Doubled back to the Fashion District to check out Burlington Coat Factory. They're pretty much the same thing as Ross, and maybe even bigger and more filled with clothing and last year's weird seasonal decorations. This time, Lauren couldn't find anything, and I picked up a long-sleeved pale blue sweater.
Went into the actual mall at this point. While it did look infinitely better than it used to as The Gallery Mall, it's still a bit dark and dreary in there. We checked out a small GameStop, but found nothing of interest and moved on.
Left the mall and followed the crowds down the street to the big Macy's. This is the historic building that used to be Wanamaker's, until Macy's bought the company. I was looking for socks, but it seems they're remodeling or redoing their intimate apparel and accessories section. We eventually ended up using the bathroom and not much else.
Neither of us ever heard of Primark, the department store across the street and one of the Fashion District anchors. Research reveals it's an Irish-based store, not far removed from Ross, Burlington, and such. It was also mobbed to the gills. You could barely walk around all the people looking for outstanding prices on chunky sweaters, heavy boots, and thin socks. Lauren picked up some of those sweaters. I found nothing. It seems that Primark only started carrying plus sizes three years ago. I imagine any they had in that nut house disappeared weeks ago. The only item I saw even close to my size besides the cheap socks was a black raincoat. Not to mention, the music they blasted in the store gave me a headache. I waited in the main concourse, where I could actually think.
After all that, we figured it was time to go home. Took a full train back to Collingswood. Made a brief stop at PNC Bank for me to use the ATM machine, then strolled back to Oaklyn through Newton Lake Park. Despite the cloudy and cool weather, the park is beautiful, all bottle green ripples on the river and bright emerald leaves waving in the barest hint of a breeze.
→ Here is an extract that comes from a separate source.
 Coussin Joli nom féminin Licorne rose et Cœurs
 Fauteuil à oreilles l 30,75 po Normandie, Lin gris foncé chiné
When we got in, we rested for a while as we watched Match Game '77. Charles refused to give his Audience Match answer unless the camera was on him...which prompted director Marc Breslow to move it on everyone but Charles, and then over his head! New Year's Eve on Match Game '76 was almost as wild. Charles declared "the final Bicentennial Minute" as a paper mache bald eagle dropped an egg saying "Match Game '77" into his waiting arms. (For the record, "Bicentennial Minutes" were short bits of American history narrated by stars of the time broadcast from 1974 to the end of 1976.)
Buzzr jumped back to Match Game '74 as we settled down for a dinner of leftover salmon and vegetables. The first major riot on the show occurred when Ira Skutch, the show's producer and judge, didn't match "friend" and "girlfriend." Almost everyone had "friend," and they went crazy! Unlike later in '77, Gene was able to get them calmed down, though the girl lost. (They did bring her back a few episodes later to make up for the mess.)
We watched Match Game PM while eating applesauce and I did the dishes. Richard's still a bit grouchy in this episode, the second-to-last nighttime episode before the set changed. Joyce Bulifant got an especially cute answer to what Q hid in James Bond's shorts.
Took a shower after that, then went online. Finished the night with the pirate yarn Moonfleet at TCM. Young John Mohune (Jon Whiteley) arrives at the home of Jeremy Fox (Stewart Granger) with a letter from his mother. Seems his mother has entrusted him with the boy's care. Fox is more interested in the smugglers who operate out of the title village. The two end up searching for a treasure hidden in the area, a fabulous diamond...but the smugglers would love to get their hands on it too.
Dashing tale with a few good action sequences, though Granger seems a bit stiff as the gentlemanly rogue in love with three different women. Little Whiteley has a lot more fun as the wide-eyed kid caught up in it all.